Black Stars by Ngo Tu Lap, translated from the Vietnamese by Martha Collins and Ngo Tu Lap (Milkweed Editions, 2013).
Ngo Tu Lap, who has published over twenty books, among them book-length translations from the Russian and the French, was born in Hanoi in 1962 on the verge of what we know as the Vietnam War. His family was soon evacuated to Vinh Phu, where he grew up, about sixty miles away from Hanoi. Later, he went on to study abroad in Russia, Paris, and the United States. Black Stars is the Vietnamese writer’s first book-length work to be published in English, and the Vietnamese is reproduced on the left. This enables the reader to seek out the original and begin to understand, at least visually, the kinds of translation choices made by fellow poet and translator Martha Collins, with Lap’s assistance.
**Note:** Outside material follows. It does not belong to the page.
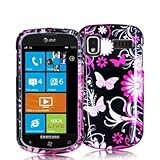 Pink Butterfly Flowers Design Crystal Hard Skin Case Cover for Samsung Focu ....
Together, they selected poems from Lap’s second and third books, as well as newer poems. “[The poems in Black Stars] follow not only the chronology of the books,” Collins writes in the introduction, “but also the poet as he progresses from being a young man reflecting on his village childhood, to a more mature traveler absorbing and reflecting on contemporary life, to a seasoned ‘Man with Big Eyes’ who has seen a great deal, and who can help us see…” Here, we experience the estrangement and exile the war produced in Lap, the tension between grief and homecoming (the impossibility of his homecoming); this is what lends the collection so much of its power.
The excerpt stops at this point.